Habiter dans un parc
Un grand soin est apporté au parc arboré environnant, dont les différentes composantes paysagères sont revalorisées. «Une fois le PLQ validé par les autorités, une charte d’aménagement a été établie par l’atelier d’architectes Timothée Giorgis et le bureau Arfolia (anciennement Gilbert Henchoz architectes paysagistes associés). Le périmètre dispose d’un espace central ouvert, à la manière d’une place de village. Les cheminements sont entièrement repensés pour favoriser les piétons et les cyclistes», explique Raoul Frauenfelder, partenaire du bureau ris+partenaires architectes. Hormis les accès SIS, les circulations automobiles ne se font désormais qu’en sous-sol. A l’arrière du nouveau bâtiment, l’aménagement paysager forme un filtre végétal face à la route de Meyrin: le cordon boisé est préservé et densifié avec la plantation de nouveaux arbres, un cheminement – dont le sol en copeaux offre une agréable sensation sous les pas – est ponctué de mobilier urbain en bois, d’équipements de fitness et d’espaces de détente; en contrebas, des strates végétales diversifiées viennent compléter le dispositif.
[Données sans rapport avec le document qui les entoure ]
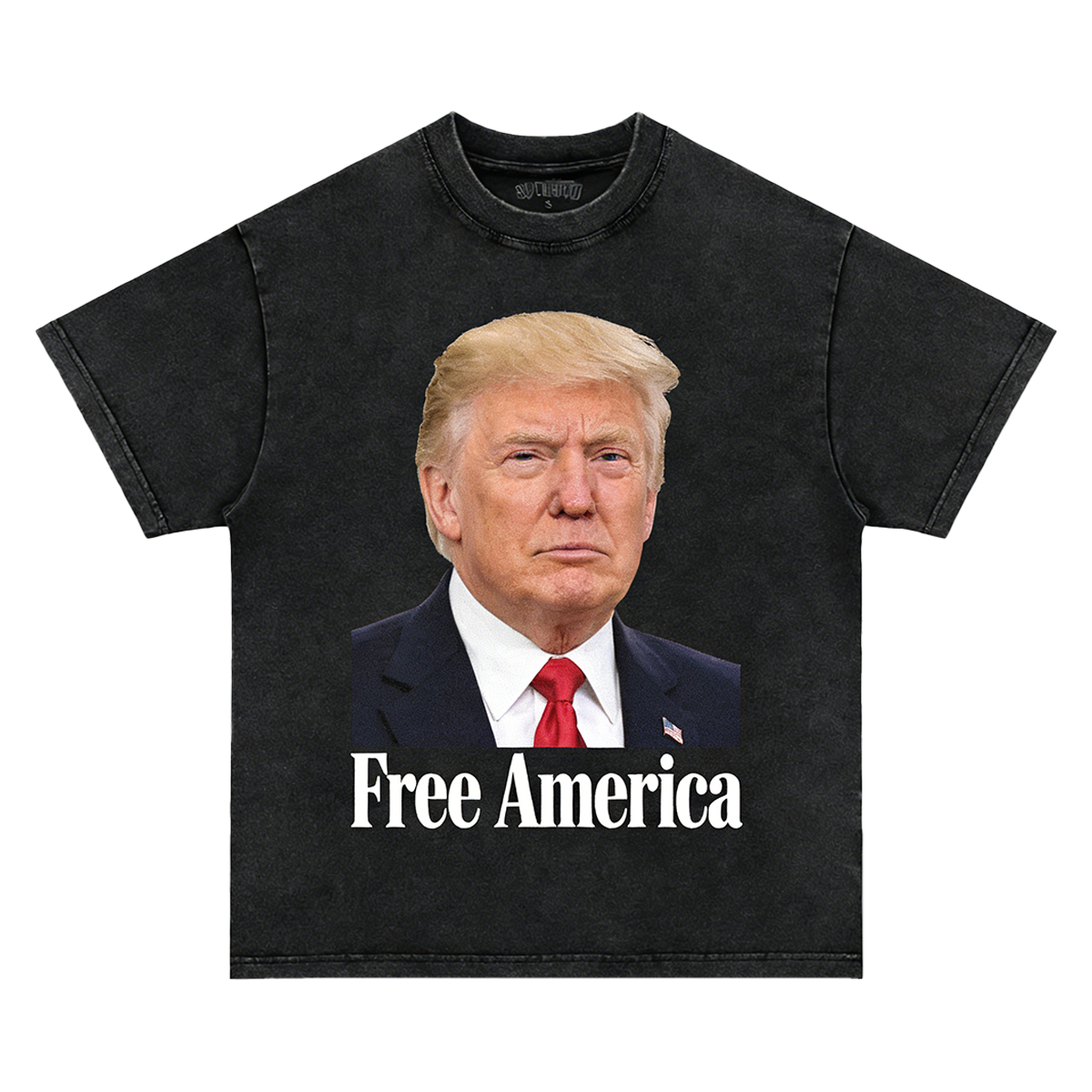 Free America Trump and the words "Free America" T-shirt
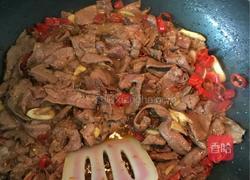 泡椒猪肝的做法图解4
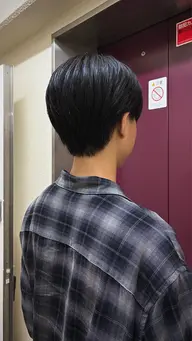 【営業後~】メンズカット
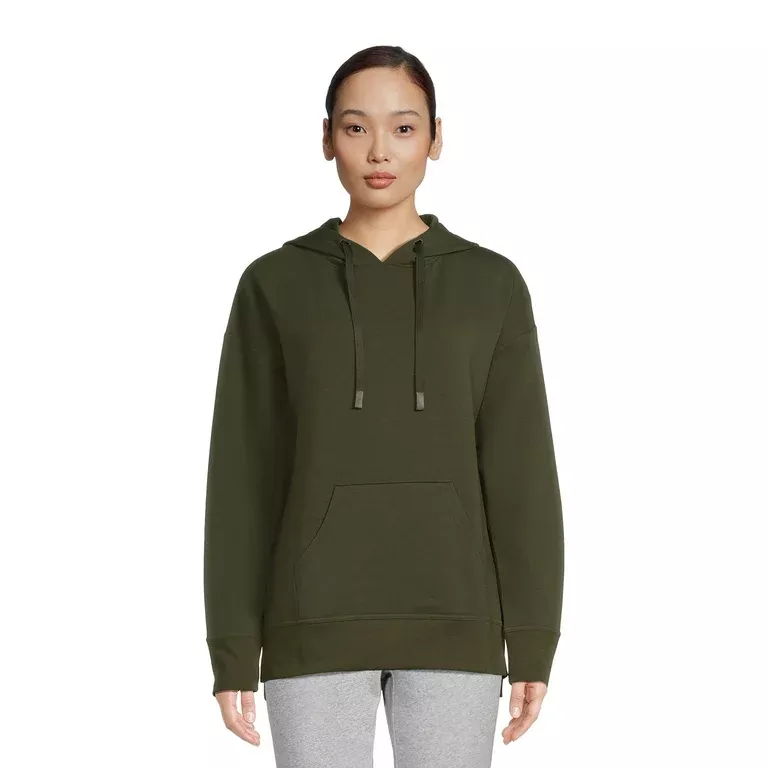 Olive green hot sale hoodie walmart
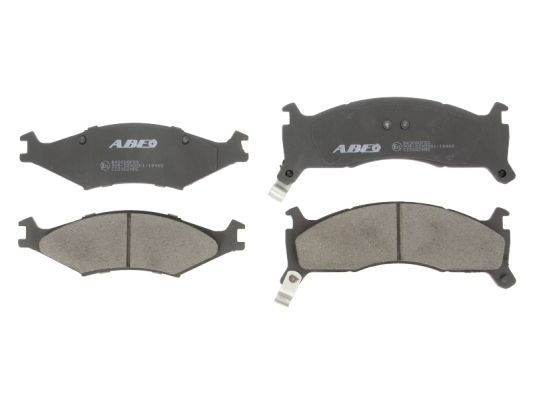ABE C10302ABE Brake Pad Set, disc brake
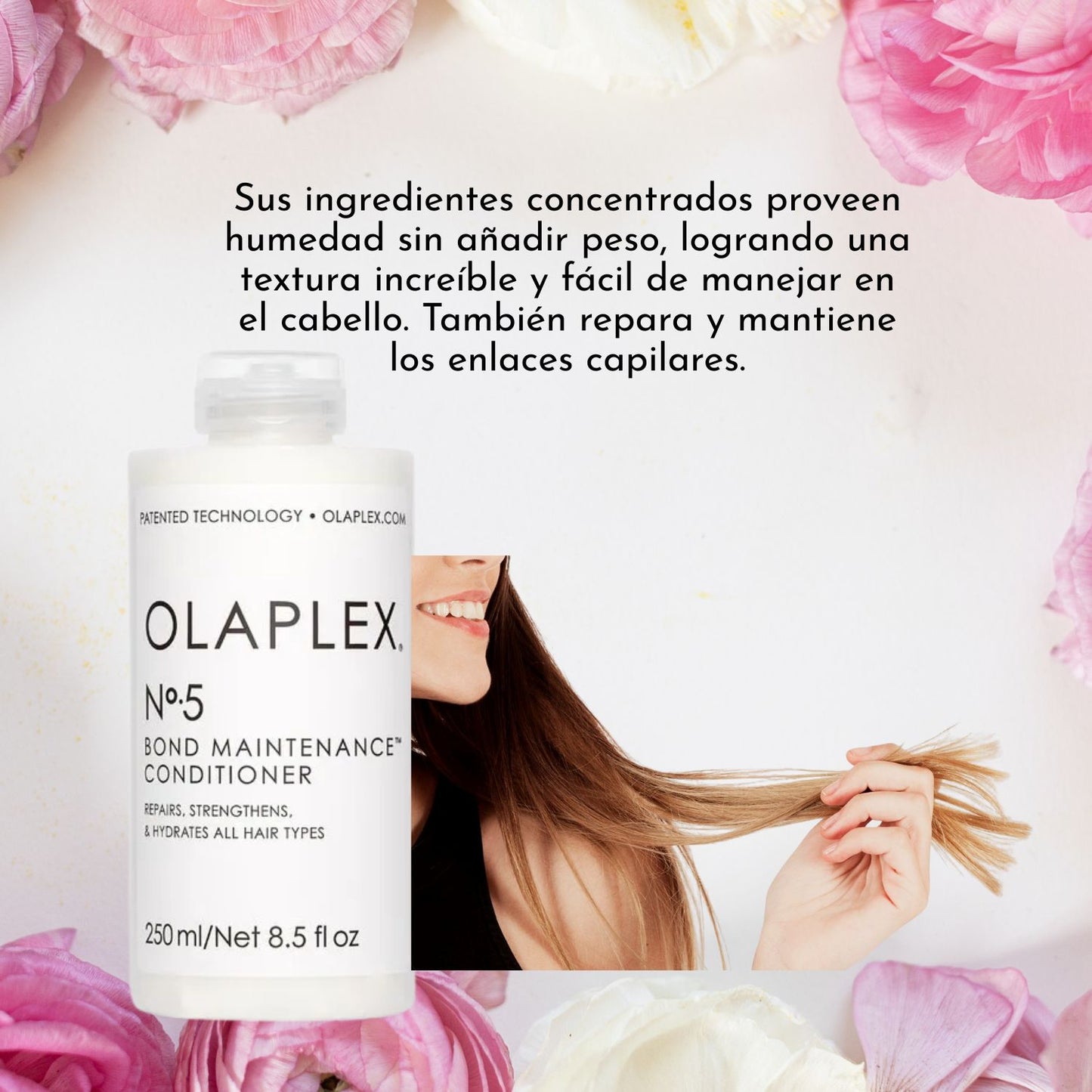 OLAPLEX N°5  - BOND MAINTENANCE ACONDICIONADOR - 250 ML
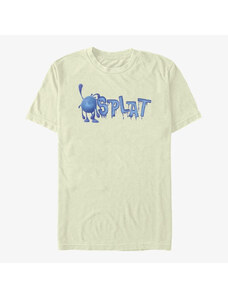Pánské tričko Merch Disney Strange World - Splat Wave Unisex T-Shirt Natural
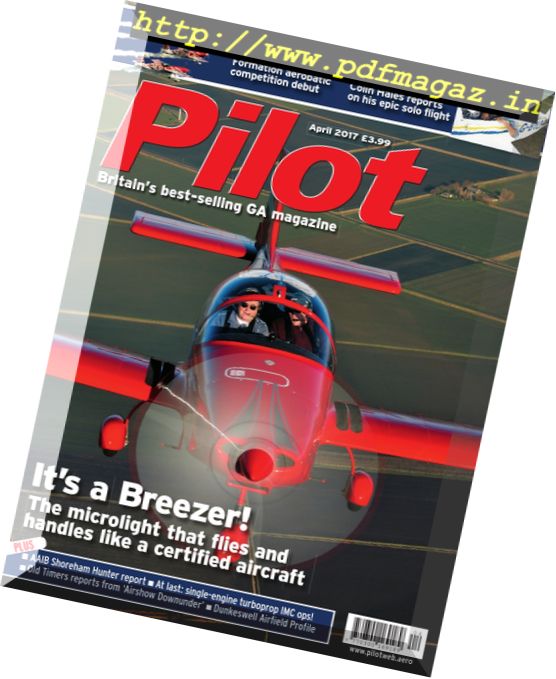 Pilot – April 2017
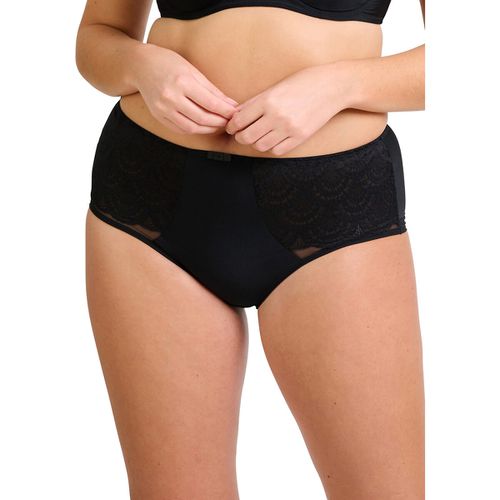 Shorty Pizzo E Microfibra So Feminine Donna Taglie 38/40 (FR) - 42/44 (IT) - sans complexe - Modalova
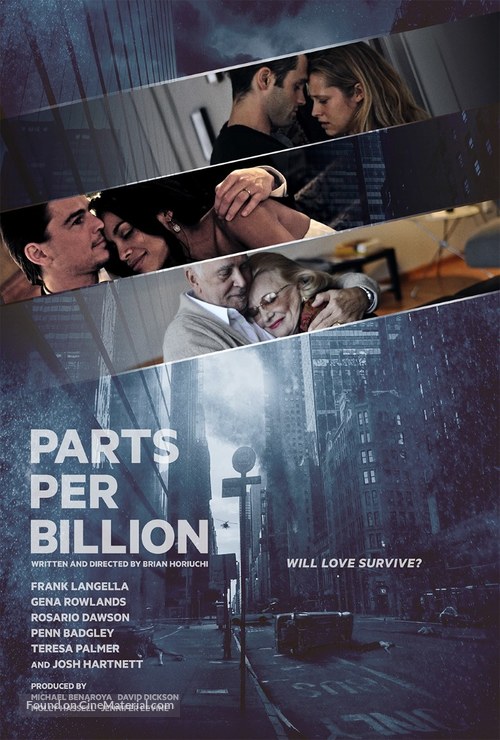 Parts Per Billion - Movie Poster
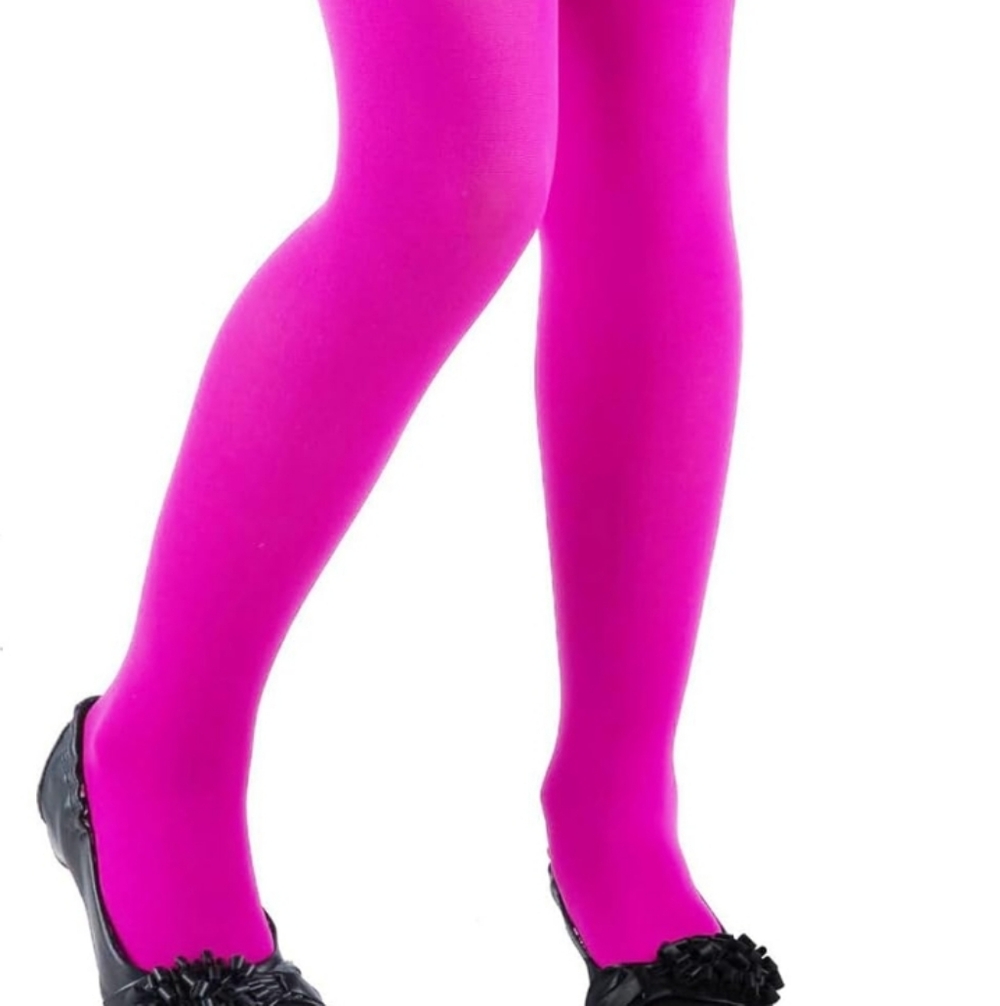 Vibrant Pink Tights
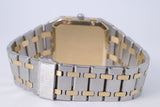 AUDEMARS PIGUET TWO TONE QUARTZ ROYAL OAK 6005SA WATCH ONLY $11,500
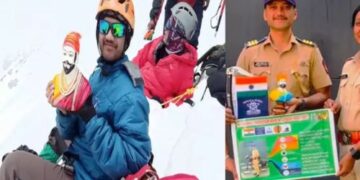 Dream Of Climbing Mount Everest Fulfilled, Accident On Descent; Panic In Pune Over The Death Of A Policeman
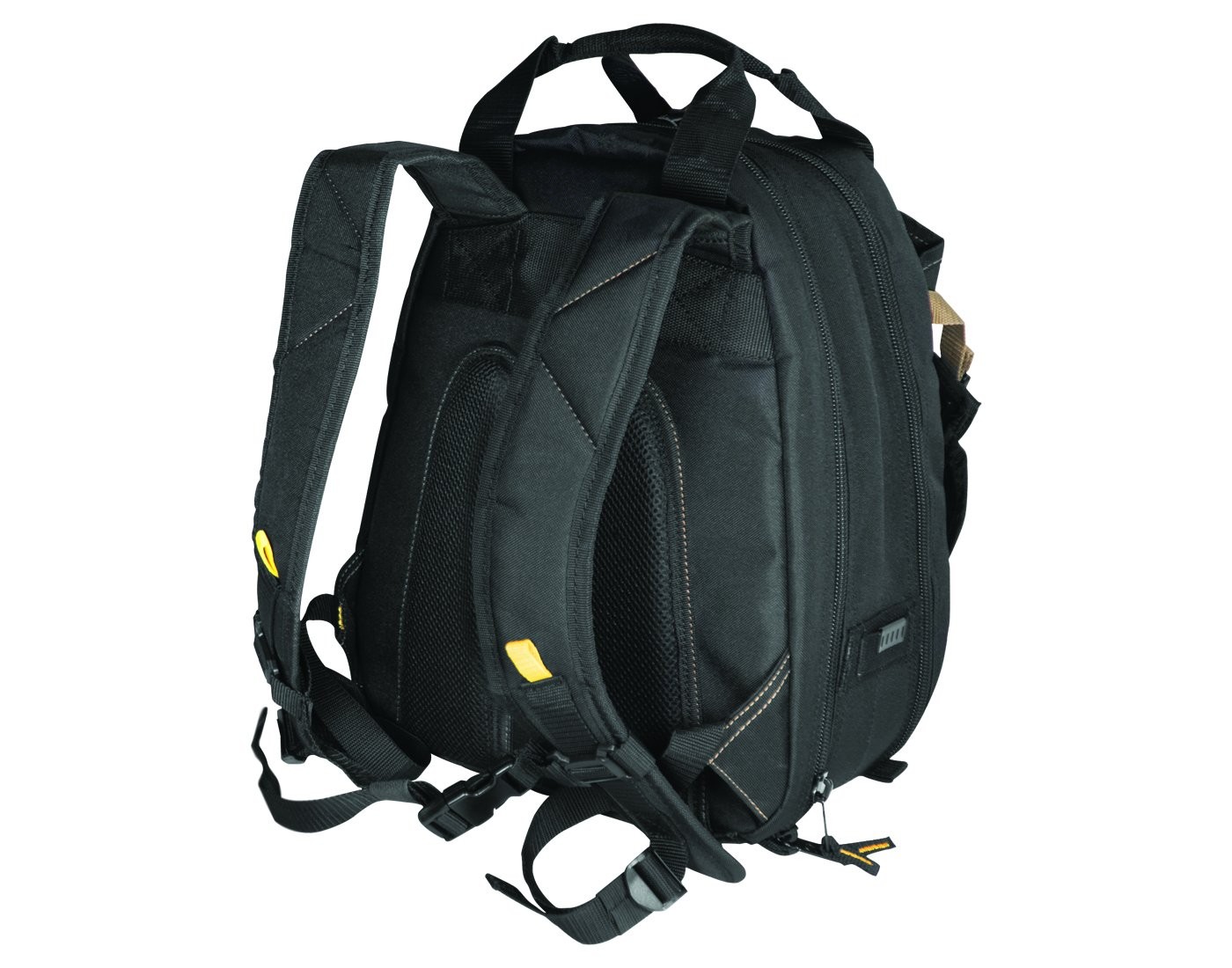 Heavy Duty Tool Backpack With 44 Pockets Dual Handles And Back Support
«Nous souhaitions marquer l’entrée du quartier par un immeuble monumental, dont le langage architectural ne paraîtra pas désuet d’ici quelques décennies. En effet, depuis la route de Meyrin et l’arrêt de tram Vieusseux, l’édifice s’érige tel un vaisseau amiral», commente Jean Charles Dumonthay, secrétaire général de la SCHG. C’est ici que la Coopérative a déménagé ses bureaux. Le nom de la rue, nouvellement créée, est un clin d’œil à Charles Burklin, fondateur avec Camille Martin de la SCHG en 1919.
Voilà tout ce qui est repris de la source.